Data to use ->
* * *
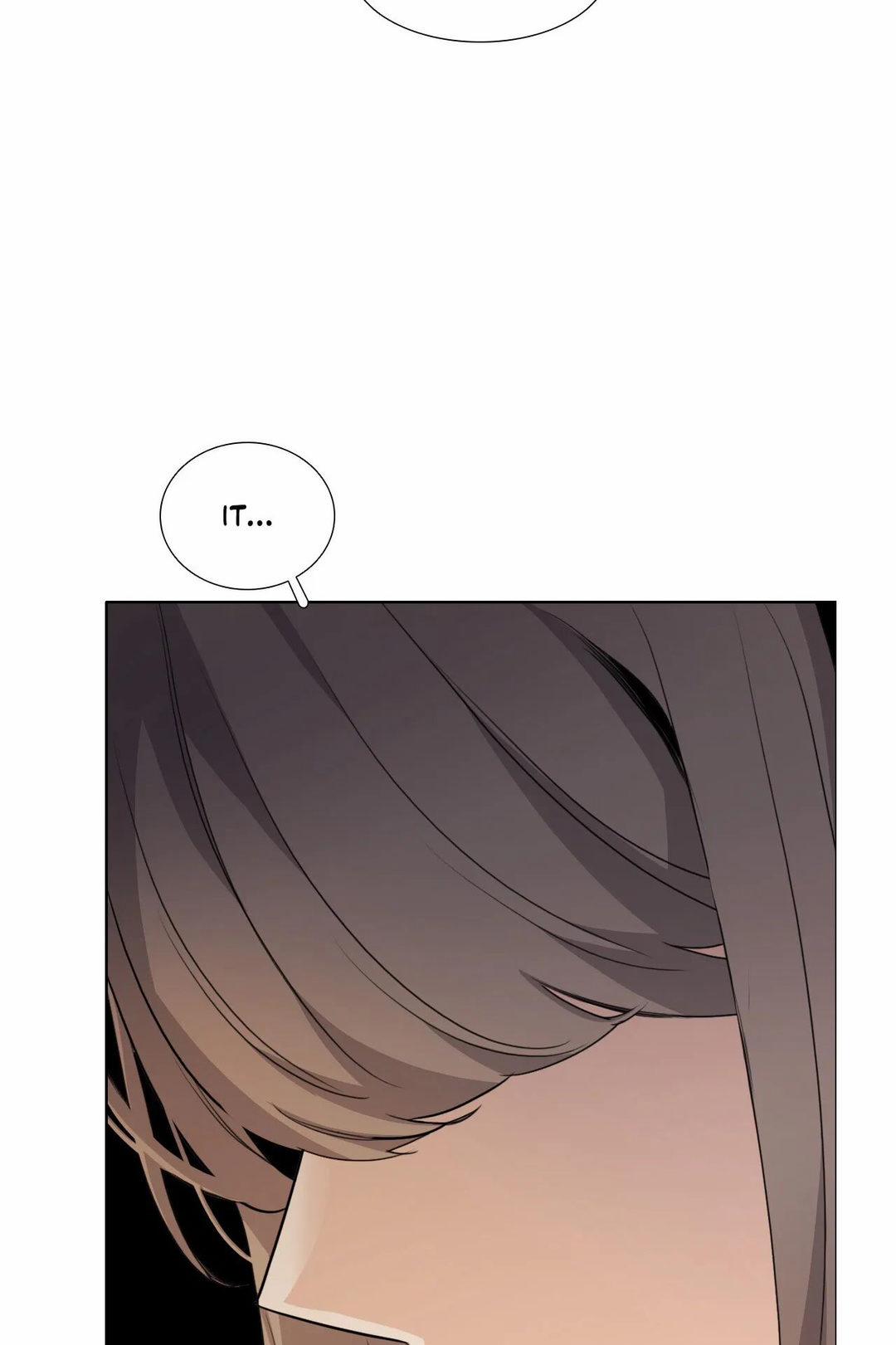 Talk To Me 167 trang 19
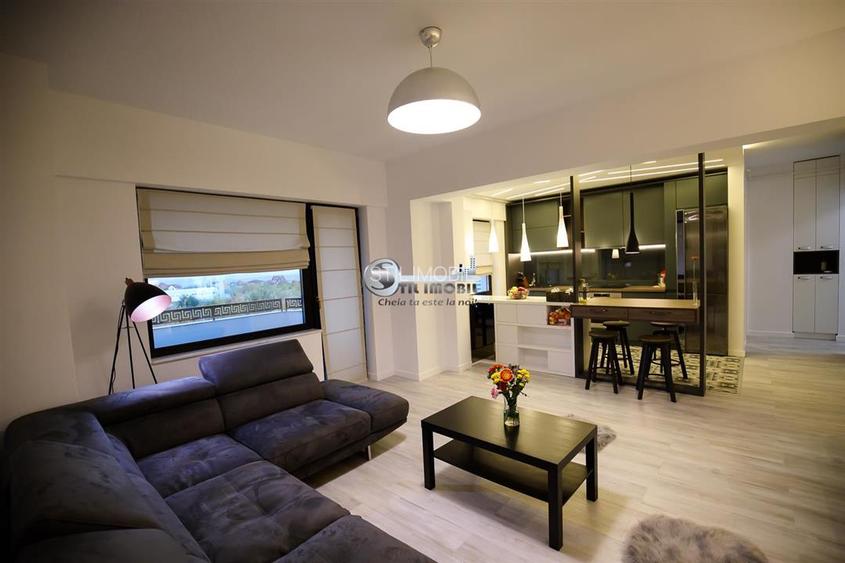 Apartament 1 cameră, 58 mp | Investiție excelentă | COMISION 0% - 2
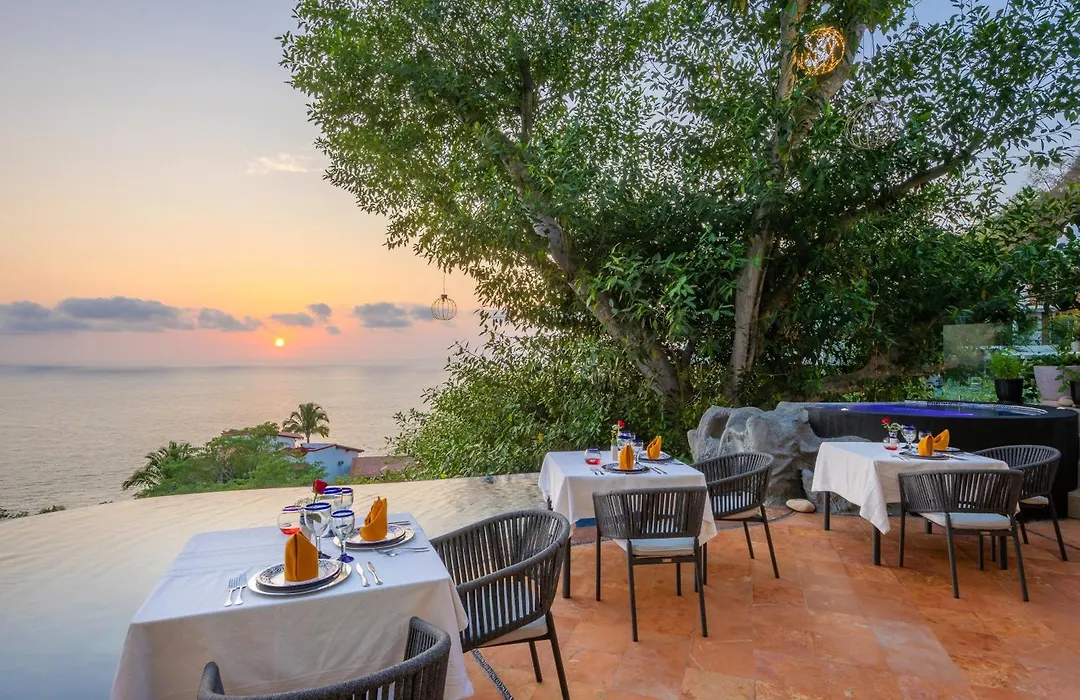 Villa Divina Luxury Boutique - Adults Only-1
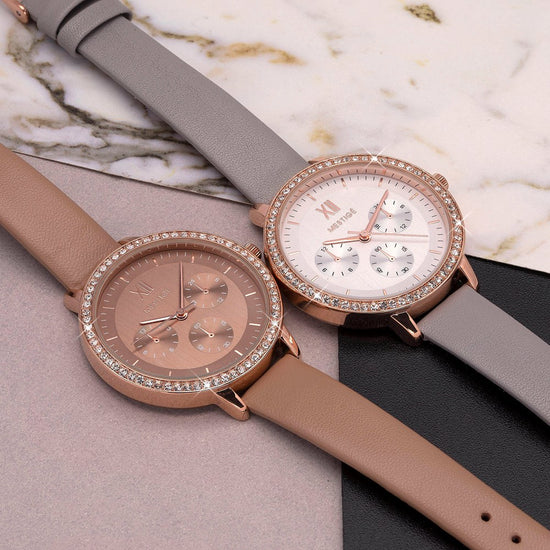 The Emily in Brown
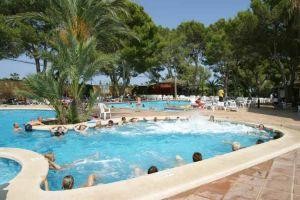 Castell dels Hams Hotel Image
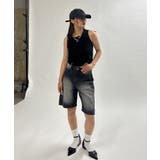 【WHO'S WHO gallery】フューチャーロゴドロストノースリ | PAL GROUP OUTLET | 詳細画像10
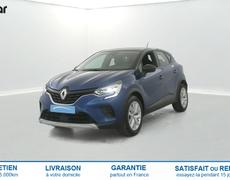 Renault Captur Saint-Priest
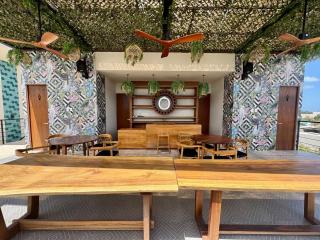 Loft apartment in a private condominium - Tulum - 6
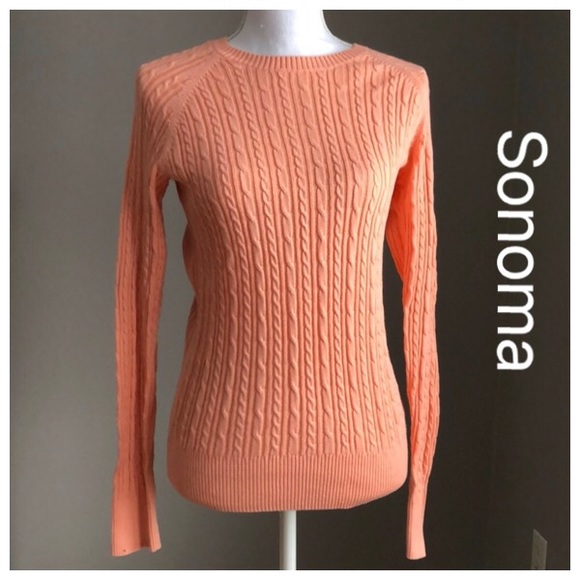 Sonoma Sweaters - JUST IN✔️BEAUTIFUL SWEATER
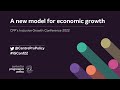 Inclusive growth conference 2022 igconf22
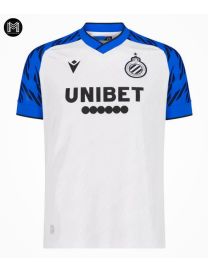 Maillot Club Brugge Extérieur 2024/25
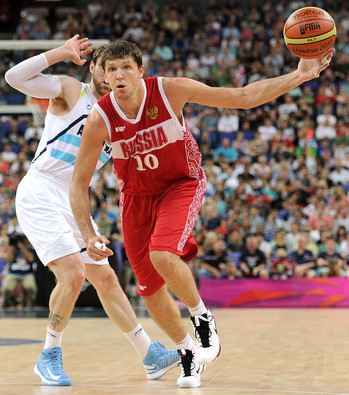 Хряпа ушел из сборной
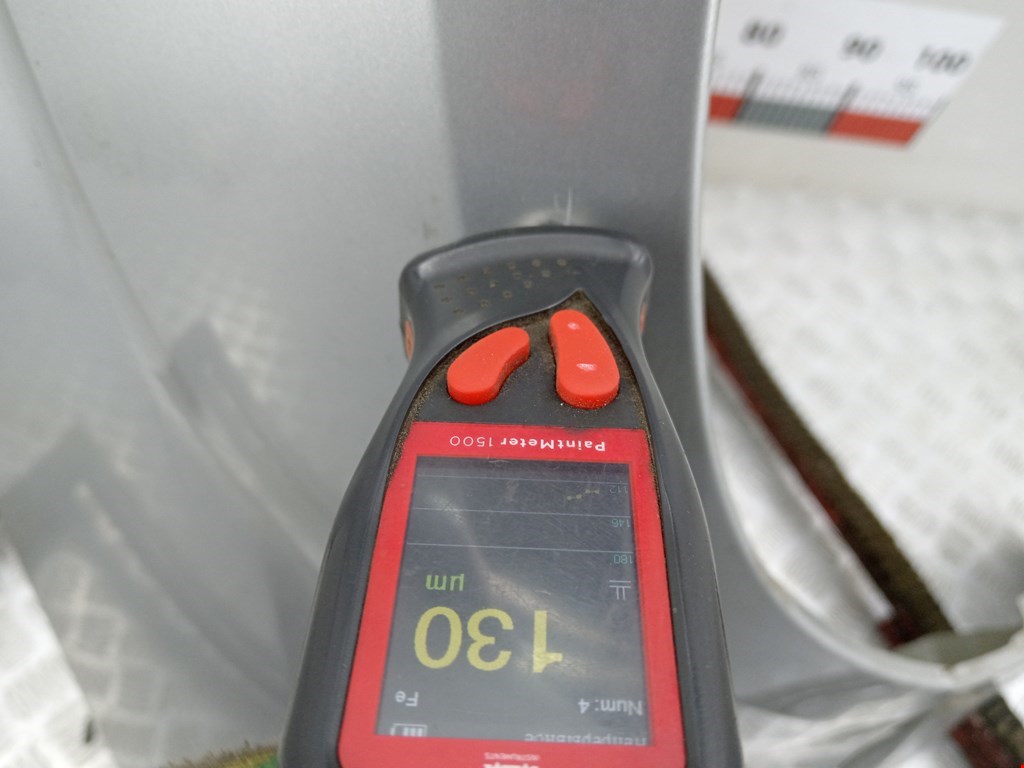 Крыло переднее правое FORD Galaxy 2006-2015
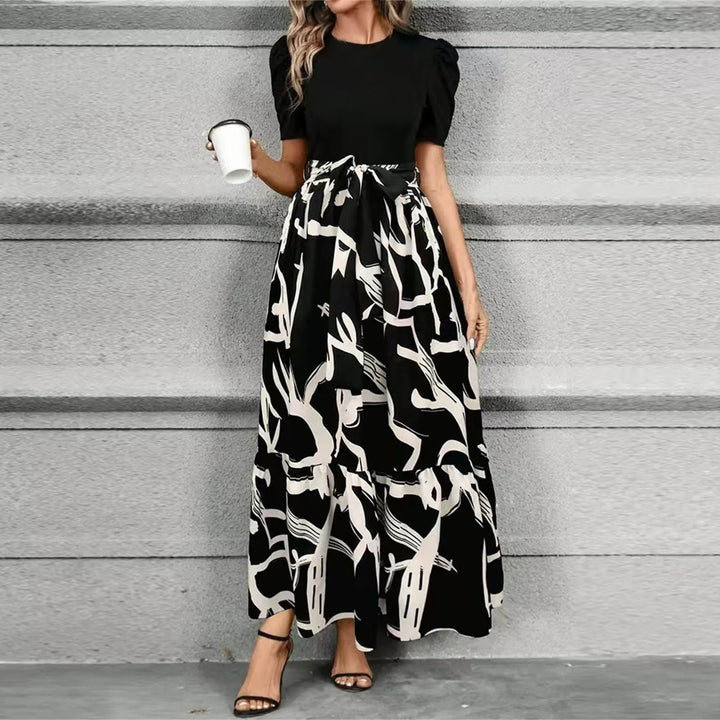 Hannah | Women Elegant Maxi Dress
* * *
Exercise brief ->
Reproduce every line of the data above, exactly as it stands, but not the pictures.

Task solution ->
 Talk To Me 167 trang 19
 Apartament 1 cameră, 58 mp | Investiție excelentă | COMISION 0% - 2
 Villa Divina Luxury Boutique - Adults Only-1
 The Emily in Brown
 Castell dels Hams Hotel Image
 【WHO'S WHO gallery】フューチャーロゴドロストノースリ | PAL GROUP OUTLET | 詳細画像10
 Renault Captur Saint-Priest
 Loft apartment in a private condominium - Tulum - 6
 Sonoma Sweaters - JUST IN✔️BEAUTIFUL SWEATER
 Inclusive growth conference 2022 igconf22
 Maillot Club Brugge Extérieur 2024/25
 Хряпа ушел из сборной
 Крыло переднее правое FORD Galaxy 2006-2015
 Hannah | Women Elegant Maxi Dress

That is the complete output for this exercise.